Given information Start Marker
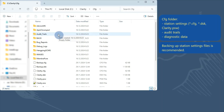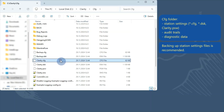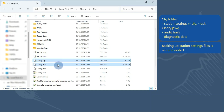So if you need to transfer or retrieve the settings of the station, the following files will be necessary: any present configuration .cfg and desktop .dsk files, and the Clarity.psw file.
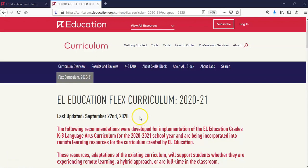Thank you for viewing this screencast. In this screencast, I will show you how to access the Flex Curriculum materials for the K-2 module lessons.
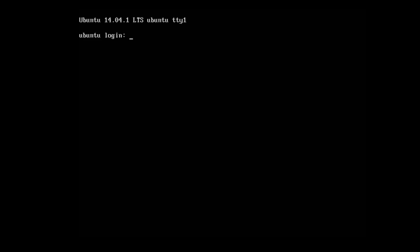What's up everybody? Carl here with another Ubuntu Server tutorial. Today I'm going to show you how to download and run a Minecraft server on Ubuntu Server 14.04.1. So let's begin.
Given information End Marker
Given information Start Marker
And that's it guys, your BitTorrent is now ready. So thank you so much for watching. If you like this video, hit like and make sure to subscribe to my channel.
Given information End Marker
Given information Start Marker
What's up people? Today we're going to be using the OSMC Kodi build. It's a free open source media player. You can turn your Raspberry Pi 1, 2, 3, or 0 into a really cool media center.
Given information End Marker
* _Your objective_: Above are some entries. Restate word for word the lines from the one holding "Thank you for" through the one holding "What's up everybody?", but not the pictures.

* _Solution for this exercise_:
Thank you for viewing this screencast. In this screencast, I will show you how to access the Flex Curriculum materials for the K-2 module lessons.
What's up everybody? Carl here with another Ubuntu Server tutorial. Today I'm going to show you how to download and run a Minecraft server on Ubuntu Server 14.04.1. So let's begin.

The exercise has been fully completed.